Could you copy word for word only the lines between the one containing "Nick Newton is" and the end of the listing below, both included, and leave out the pictures?

═══ Source data ═══

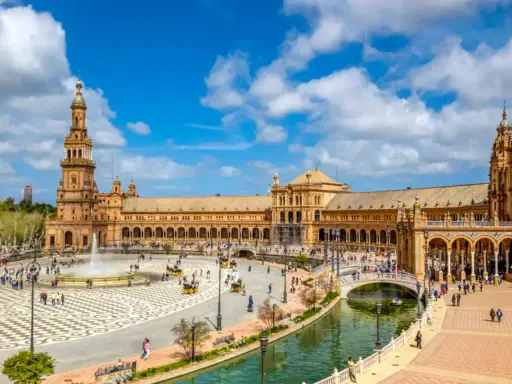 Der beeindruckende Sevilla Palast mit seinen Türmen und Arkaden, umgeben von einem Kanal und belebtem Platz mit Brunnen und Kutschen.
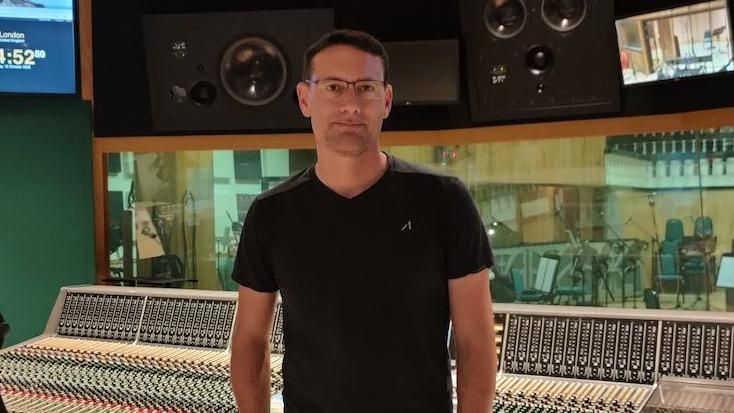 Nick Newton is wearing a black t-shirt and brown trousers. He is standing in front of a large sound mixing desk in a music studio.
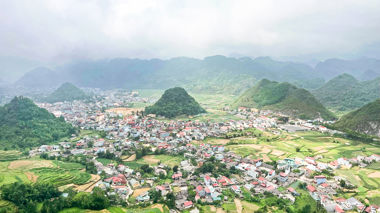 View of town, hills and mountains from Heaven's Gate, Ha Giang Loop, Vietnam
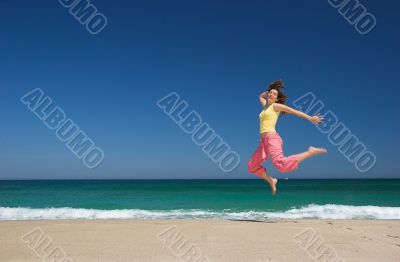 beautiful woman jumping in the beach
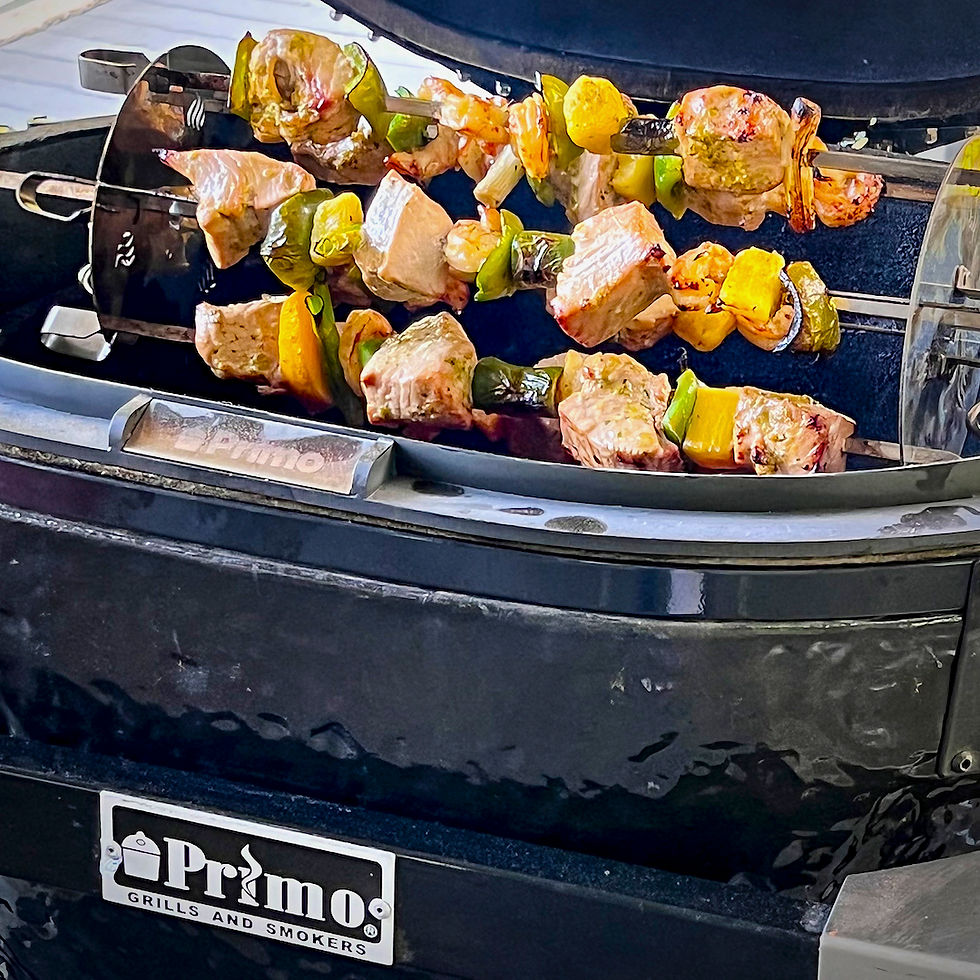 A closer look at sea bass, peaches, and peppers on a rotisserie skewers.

═══

▶ _Output of the exercise_:
 Nick Newton is wearing a black t-shirt and brown trousers. He is standing in front of a large sound mixing desk in a music studio.
 View of town, hills and mountains from Heaven's Gate, Ha Giang Loop, Vietnam
 beautiful woman jumping in the beach
 A closer look at sea bass, peaches, and peppers on a rotisserie skewers.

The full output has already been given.